The problem
Read through the lines below and copy the ones holding the string "Galaxy".
BEGIN Data supplied
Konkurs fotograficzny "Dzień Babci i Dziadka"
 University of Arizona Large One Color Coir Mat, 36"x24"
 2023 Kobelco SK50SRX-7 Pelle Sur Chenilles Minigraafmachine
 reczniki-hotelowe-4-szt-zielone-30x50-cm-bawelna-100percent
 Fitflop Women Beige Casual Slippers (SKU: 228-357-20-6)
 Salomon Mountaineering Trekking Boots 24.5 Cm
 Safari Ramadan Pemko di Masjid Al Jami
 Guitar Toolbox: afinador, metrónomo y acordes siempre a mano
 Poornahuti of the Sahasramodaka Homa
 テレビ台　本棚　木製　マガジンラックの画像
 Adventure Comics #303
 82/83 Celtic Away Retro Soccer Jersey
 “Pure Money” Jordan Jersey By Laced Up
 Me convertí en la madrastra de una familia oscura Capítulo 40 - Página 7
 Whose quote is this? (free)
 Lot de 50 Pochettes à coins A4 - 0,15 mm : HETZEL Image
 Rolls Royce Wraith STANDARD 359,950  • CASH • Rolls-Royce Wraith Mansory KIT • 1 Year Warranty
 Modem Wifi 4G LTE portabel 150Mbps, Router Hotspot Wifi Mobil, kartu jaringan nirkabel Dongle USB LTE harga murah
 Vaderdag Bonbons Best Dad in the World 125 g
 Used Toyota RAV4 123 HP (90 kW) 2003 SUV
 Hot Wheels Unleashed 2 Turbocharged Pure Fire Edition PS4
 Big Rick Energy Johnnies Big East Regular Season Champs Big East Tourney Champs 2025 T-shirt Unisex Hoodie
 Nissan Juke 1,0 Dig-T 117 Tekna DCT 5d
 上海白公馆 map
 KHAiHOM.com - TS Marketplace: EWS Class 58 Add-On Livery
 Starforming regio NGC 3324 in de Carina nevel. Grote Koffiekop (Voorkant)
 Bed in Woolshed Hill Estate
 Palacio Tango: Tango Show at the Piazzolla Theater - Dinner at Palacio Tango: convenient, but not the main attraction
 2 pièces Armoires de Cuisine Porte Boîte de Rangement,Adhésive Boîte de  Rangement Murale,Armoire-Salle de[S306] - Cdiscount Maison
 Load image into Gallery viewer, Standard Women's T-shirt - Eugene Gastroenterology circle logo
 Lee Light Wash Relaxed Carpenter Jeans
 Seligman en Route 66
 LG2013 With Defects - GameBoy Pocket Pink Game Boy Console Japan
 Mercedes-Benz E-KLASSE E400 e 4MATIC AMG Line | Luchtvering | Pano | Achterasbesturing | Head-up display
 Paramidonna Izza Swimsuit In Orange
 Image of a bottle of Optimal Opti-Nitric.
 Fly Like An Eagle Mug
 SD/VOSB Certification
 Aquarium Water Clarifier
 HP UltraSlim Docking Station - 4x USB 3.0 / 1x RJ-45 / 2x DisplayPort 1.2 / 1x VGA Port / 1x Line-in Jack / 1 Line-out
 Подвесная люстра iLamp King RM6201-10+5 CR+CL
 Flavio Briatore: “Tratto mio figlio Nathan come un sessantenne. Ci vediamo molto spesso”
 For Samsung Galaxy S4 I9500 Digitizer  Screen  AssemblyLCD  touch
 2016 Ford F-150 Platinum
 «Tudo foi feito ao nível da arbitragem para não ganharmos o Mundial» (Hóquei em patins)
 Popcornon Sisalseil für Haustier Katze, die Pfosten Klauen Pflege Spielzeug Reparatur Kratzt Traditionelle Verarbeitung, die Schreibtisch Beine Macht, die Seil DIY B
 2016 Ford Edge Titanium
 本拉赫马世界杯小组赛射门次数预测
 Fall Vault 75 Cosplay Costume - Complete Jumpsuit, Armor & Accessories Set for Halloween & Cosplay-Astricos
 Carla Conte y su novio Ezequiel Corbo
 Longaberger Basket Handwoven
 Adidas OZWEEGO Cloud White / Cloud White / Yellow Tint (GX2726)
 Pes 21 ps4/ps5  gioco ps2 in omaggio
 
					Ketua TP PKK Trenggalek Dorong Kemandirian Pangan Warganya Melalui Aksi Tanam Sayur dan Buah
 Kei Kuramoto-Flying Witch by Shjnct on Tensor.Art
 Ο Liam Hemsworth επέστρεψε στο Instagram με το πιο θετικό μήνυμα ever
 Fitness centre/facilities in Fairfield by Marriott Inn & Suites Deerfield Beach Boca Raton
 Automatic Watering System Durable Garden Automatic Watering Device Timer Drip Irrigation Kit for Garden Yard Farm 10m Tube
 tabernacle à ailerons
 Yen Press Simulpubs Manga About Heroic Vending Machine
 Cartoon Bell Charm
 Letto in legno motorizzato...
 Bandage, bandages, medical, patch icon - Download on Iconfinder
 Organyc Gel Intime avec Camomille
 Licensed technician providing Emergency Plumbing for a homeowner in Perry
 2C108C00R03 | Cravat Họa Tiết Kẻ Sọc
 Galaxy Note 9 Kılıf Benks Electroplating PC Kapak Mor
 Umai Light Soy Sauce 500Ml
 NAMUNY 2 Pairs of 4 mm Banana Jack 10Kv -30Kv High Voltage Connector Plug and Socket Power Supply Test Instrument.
END Data supplied
Answer to this task
 For Samsung Galaxy S4 I9500 Digitizer  Screen  AssemblyLCD  touch
 Galaxy Note 9 Kılıf Benks Electroplating PC Kapak Mor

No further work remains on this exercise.